(Exercise aim): For this task, output exactly the lines of the material below starting at the line with "Women's Casual Fashion" and ending at the line with "Blue Textured Check Formal Shirt"; pictures are to be excluded.

(Exercise material):
=====

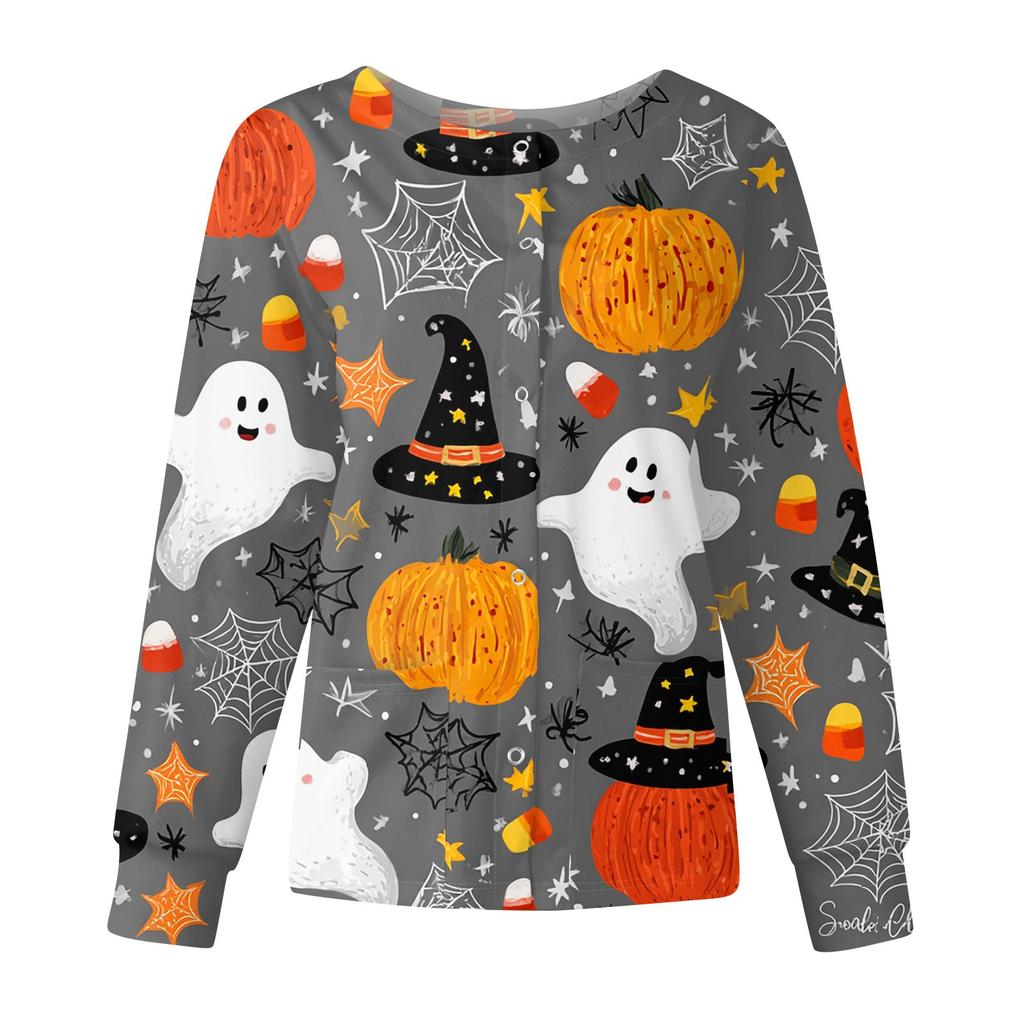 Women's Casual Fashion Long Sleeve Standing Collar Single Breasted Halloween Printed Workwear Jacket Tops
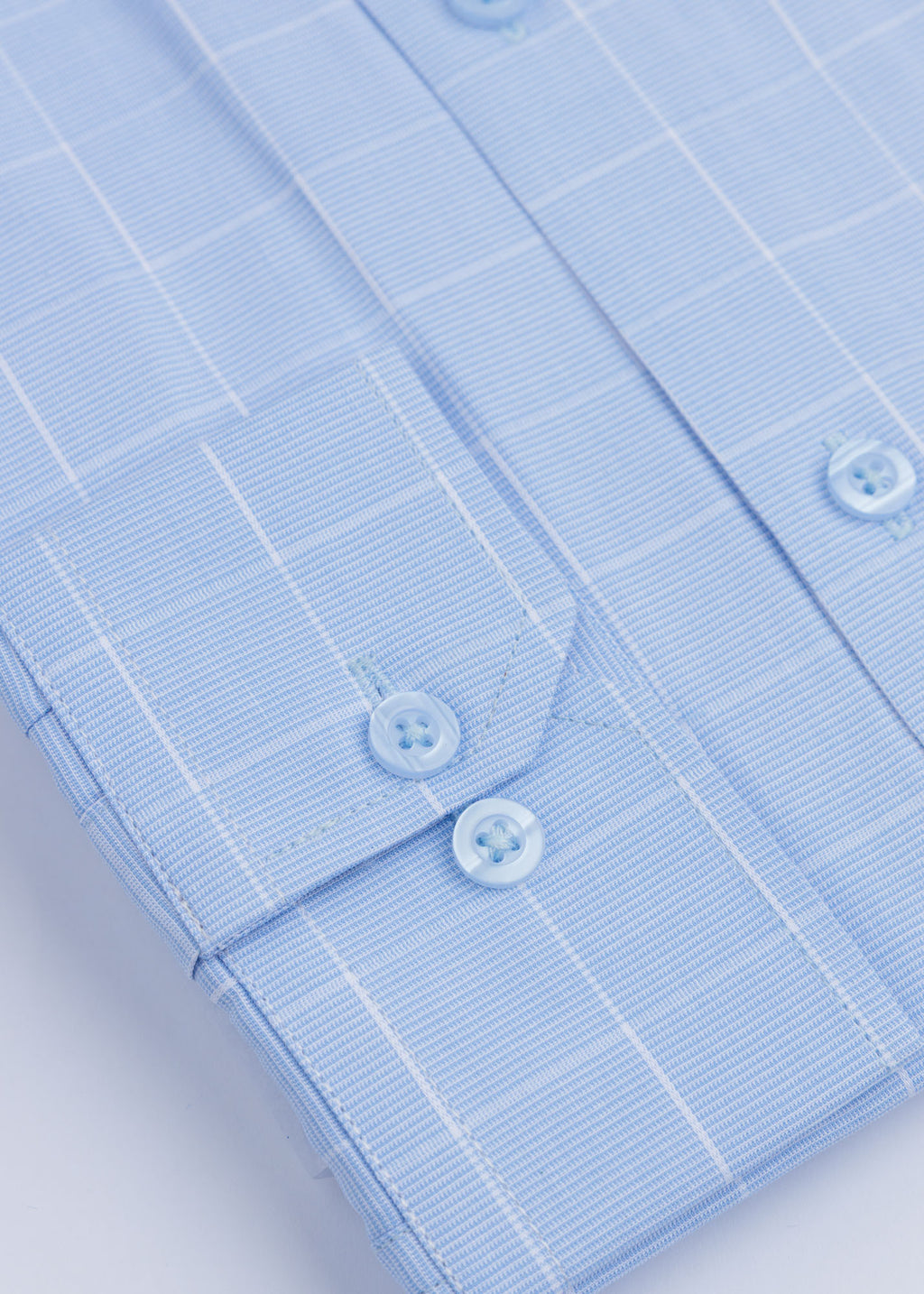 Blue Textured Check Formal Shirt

=====

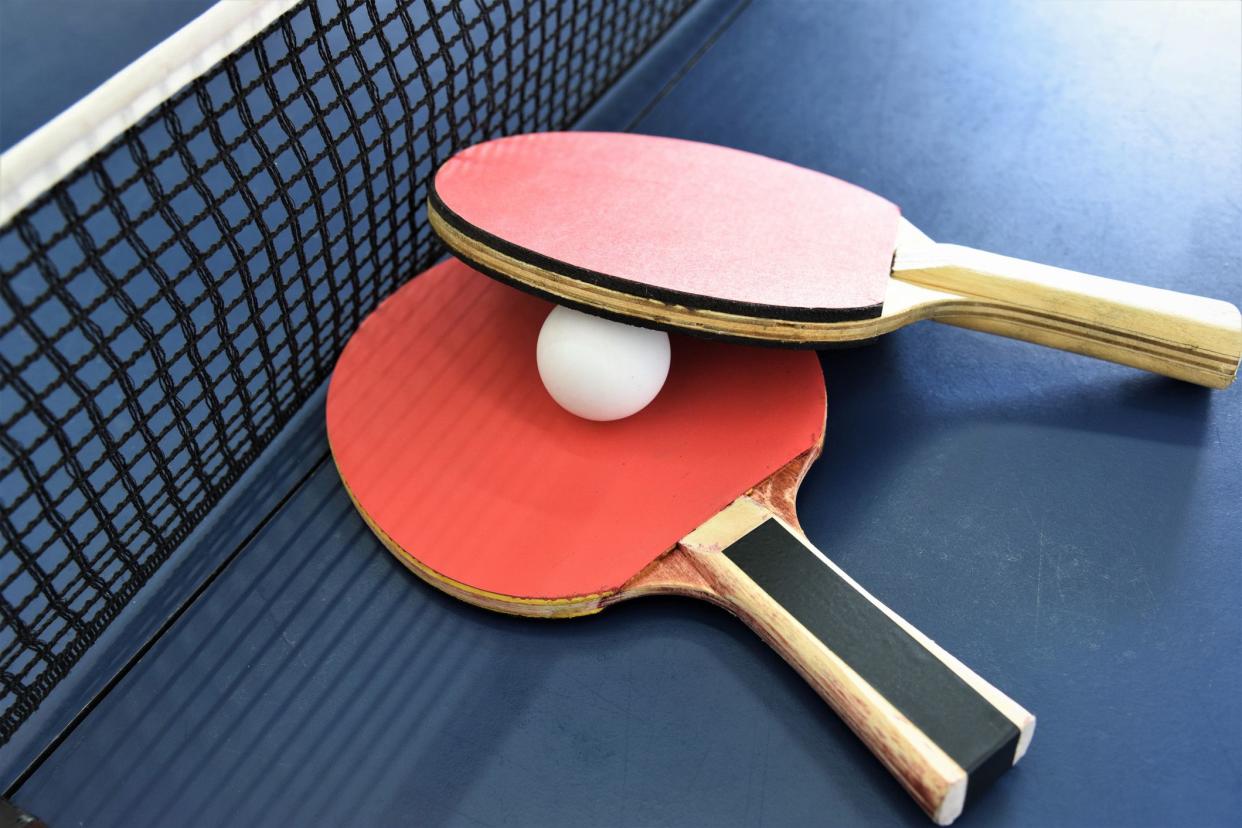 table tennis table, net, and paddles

=====

(Result of the task):
 Women's Casual Fashion Long Sleeve Standing Collar Single Breasted Halloween Printed Workwear Jacket Tops
 Blue Textured Check Formal Shirt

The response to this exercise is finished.